Jumat, 24 Januari 2014

Akibat Terlalu Banyak Hormon Cinta

 
Kita ketahui cinta tidak bisa lepas dari kehidupan ini. Tanpa cinta rasanya kehidupan ini biasa-biasa saja (kata orang yg bercinta sih). hehe... Nah, taukah saudara kalau terlalu banyak hormon cinta berdampak pada perilaku kita? Pada postingan kali ini ini saya jabarkan tentang akibat terlalu banyak hormon cinta yang kita miliki.

Oksitosin disebut sebagai hormon cinta karena memainkan peranan penting dalam mendekatkan hubungan pasangan dan mempererat ikatan sosial. Ketika memeluk orang yang dicintai, level oksitosin akan meningkat. Oksitosin juga memiliki segudang manfaat lain. Tapi tunggu dulu. Meski terlihat hebat dan bisa dipercaya, oksitosin juga memiliki efek samping negatif, lho.
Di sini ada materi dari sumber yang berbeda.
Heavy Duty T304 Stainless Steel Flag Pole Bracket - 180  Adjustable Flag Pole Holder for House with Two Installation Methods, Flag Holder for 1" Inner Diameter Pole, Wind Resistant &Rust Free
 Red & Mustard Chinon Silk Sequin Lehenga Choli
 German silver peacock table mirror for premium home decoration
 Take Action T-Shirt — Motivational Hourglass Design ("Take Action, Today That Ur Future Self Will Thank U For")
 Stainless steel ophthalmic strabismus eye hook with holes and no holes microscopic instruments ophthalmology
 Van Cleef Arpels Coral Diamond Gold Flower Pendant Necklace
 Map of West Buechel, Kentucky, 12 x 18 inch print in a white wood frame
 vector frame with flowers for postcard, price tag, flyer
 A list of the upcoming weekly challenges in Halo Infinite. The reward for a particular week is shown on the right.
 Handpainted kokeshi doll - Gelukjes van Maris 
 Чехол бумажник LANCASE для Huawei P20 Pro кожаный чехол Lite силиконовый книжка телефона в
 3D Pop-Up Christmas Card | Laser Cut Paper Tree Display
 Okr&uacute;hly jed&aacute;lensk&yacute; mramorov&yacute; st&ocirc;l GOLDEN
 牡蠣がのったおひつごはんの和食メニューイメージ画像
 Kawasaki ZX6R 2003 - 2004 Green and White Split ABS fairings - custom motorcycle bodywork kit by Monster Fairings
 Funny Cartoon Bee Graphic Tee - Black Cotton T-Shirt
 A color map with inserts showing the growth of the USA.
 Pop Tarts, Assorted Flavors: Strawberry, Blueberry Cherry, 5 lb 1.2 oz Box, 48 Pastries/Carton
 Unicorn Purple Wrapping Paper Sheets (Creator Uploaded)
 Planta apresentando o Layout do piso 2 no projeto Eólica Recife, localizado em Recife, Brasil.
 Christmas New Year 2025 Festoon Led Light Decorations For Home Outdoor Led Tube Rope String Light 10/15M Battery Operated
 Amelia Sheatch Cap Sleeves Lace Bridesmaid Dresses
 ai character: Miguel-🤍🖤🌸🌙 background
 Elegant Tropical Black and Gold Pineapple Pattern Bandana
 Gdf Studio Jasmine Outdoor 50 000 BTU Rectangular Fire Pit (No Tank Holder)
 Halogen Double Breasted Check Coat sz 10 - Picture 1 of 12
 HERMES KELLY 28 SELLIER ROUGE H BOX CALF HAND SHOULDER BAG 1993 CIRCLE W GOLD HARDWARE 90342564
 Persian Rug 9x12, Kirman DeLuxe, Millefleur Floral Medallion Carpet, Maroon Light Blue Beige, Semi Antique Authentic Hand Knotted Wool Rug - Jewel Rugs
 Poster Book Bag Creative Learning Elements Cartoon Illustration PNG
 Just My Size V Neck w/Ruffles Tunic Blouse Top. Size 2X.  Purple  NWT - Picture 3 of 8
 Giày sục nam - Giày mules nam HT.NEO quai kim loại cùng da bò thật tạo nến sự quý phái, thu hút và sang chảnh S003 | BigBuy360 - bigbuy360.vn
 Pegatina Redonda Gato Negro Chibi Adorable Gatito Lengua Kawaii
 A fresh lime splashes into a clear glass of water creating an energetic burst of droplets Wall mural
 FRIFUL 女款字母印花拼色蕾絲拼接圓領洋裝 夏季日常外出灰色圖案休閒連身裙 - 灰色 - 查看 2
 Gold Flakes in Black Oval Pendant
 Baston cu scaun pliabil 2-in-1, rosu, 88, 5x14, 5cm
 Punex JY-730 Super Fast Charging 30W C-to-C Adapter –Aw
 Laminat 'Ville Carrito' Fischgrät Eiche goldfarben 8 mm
Oksitosin diproduksi ketika seseorang bersalaman, merasa tersipu, atau ketika terjadi sentuhan kecil. Secara alami oksitosin bekerja beriringan dengan dopamin dan norpinerfin, mambantu menciptakan ikatan antara seseorang dengan orang lain. Tidak hanya itu, oksitosin juga membuat aspek-aspek kehidupan terasa lebih baik.

Kini peneliti tertarik pada kemampuan oksitosin dalam mengatasi masalah psikologi dan kecemasan tertentu seperti skizofrenia dan autisme. Oksitosin juga menunjukkan manfaat daslam mengurangi nyeri, menyembuhkan luka, mencegah obesitas, dan mengurangi stres. Secara umum, hormon menakjubkan ini tampak seperti obat yang sangat bisa dipercaya.

Tunggu dulu, kini ilmuwan telah menemukan bahwa kadar oksitosin yang terlalu tinggi justru menyebabkan orang jadi terlampau sensitif. Studi tersebut dimuat dalam Emotion, jurnal Asosiasi Psikologi Amerika.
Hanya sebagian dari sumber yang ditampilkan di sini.